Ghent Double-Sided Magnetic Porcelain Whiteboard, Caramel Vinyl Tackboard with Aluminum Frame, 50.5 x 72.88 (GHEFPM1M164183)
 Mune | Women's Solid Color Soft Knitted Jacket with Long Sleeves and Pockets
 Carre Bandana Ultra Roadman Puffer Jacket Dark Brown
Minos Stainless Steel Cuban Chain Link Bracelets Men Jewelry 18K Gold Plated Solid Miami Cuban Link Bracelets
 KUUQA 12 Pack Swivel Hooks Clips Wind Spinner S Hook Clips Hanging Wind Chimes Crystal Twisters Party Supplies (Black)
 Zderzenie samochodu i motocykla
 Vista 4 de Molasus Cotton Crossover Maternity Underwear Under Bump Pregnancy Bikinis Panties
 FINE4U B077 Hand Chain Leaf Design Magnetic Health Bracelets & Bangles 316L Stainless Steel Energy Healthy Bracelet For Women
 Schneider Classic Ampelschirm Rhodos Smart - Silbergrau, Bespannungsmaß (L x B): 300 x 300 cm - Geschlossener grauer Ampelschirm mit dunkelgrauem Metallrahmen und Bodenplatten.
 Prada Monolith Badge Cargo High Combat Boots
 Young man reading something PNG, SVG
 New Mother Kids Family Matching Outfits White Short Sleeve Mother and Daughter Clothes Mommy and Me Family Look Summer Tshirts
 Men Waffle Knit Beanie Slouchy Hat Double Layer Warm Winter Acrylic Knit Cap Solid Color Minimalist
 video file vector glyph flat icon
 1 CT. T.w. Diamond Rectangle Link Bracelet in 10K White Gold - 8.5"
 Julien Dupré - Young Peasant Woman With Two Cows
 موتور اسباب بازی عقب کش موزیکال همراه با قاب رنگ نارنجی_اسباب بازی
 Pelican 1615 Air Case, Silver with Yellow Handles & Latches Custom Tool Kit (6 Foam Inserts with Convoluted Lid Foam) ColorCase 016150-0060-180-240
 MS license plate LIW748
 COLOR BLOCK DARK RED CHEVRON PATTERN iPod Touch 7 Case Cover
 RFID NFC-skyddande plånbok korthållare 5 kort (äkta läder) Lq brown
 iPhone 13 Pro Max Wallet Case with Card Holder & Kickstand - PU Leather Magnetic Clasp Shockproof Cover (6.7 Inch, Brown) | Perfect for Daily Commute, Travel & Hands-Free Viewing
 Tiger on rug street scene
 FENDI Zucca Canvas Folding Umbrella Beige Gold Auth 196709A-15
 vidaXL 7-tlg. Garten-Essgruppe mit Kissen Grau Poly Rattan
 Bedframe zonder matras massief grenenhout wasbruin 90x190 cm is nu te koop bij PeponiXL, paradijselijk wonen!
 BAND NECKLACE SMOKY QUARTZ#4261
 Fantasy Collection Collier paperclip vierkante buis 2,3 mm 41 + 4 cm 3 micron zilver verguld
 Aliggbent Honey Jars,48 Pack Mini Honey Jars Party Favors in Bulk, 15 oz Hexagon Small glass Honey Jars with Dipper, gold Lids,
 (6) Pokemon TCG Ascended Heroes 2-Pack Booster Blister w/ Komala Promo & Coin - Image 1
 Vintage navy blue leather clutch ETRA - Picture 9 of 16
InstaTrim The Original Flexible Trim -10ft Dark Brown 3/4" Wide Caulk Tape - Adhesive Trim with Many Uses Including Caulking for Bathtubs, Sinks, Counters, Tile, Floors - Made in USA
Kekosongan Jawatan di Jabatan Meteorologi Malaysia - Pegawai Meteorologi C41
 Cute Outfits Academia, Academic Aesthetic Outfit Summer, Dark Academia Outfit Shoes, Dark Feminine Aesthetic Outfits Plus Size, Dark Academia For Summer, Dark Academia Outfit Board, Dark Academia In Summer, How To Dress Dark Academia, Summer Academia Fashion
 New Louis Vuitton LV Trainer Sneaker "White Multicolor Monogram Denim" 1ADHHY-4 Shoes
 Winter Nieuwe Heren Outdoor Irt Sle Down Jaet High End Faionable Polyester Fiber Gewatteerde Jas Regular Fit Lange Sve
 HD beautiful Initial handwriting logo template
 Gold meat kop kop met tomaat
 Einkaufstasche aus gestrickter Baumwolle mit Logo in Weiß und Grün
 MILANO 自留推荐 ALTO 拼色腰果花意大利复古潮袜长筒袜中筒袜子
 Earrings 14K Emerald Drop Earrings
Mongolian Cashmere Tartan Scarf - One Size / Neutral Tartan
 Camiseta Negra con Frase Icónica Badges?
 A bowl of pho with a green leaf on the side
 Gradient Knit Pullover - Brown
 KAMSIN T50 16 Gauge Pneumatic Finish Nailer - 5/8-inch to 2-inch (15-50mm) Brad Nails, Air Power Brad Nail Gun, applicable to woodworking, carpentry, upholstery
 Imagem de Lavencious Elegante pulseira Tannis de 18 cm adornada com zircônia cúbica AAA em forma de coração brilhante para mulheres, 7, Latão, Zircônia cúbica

=-=-=

Assignment :: Please retype, with no changes, the lines that run from the first line of the entries to the line with "Carre Bandana Ultra", both ends included.

Result ::
Ghent Double-Sided Magnetic Porcelain Whiteboard, Caramel Vinyl Tackboard with Aluminum Frame, 50.5 x 72.88 (GHEFPM1M164183)
 Mune | Women's Solid Color Soft Knitted Jacket with Long Sleeves and Pockets
 Carre Bandana Ultra Roadman Puffer Jacket Dark Brown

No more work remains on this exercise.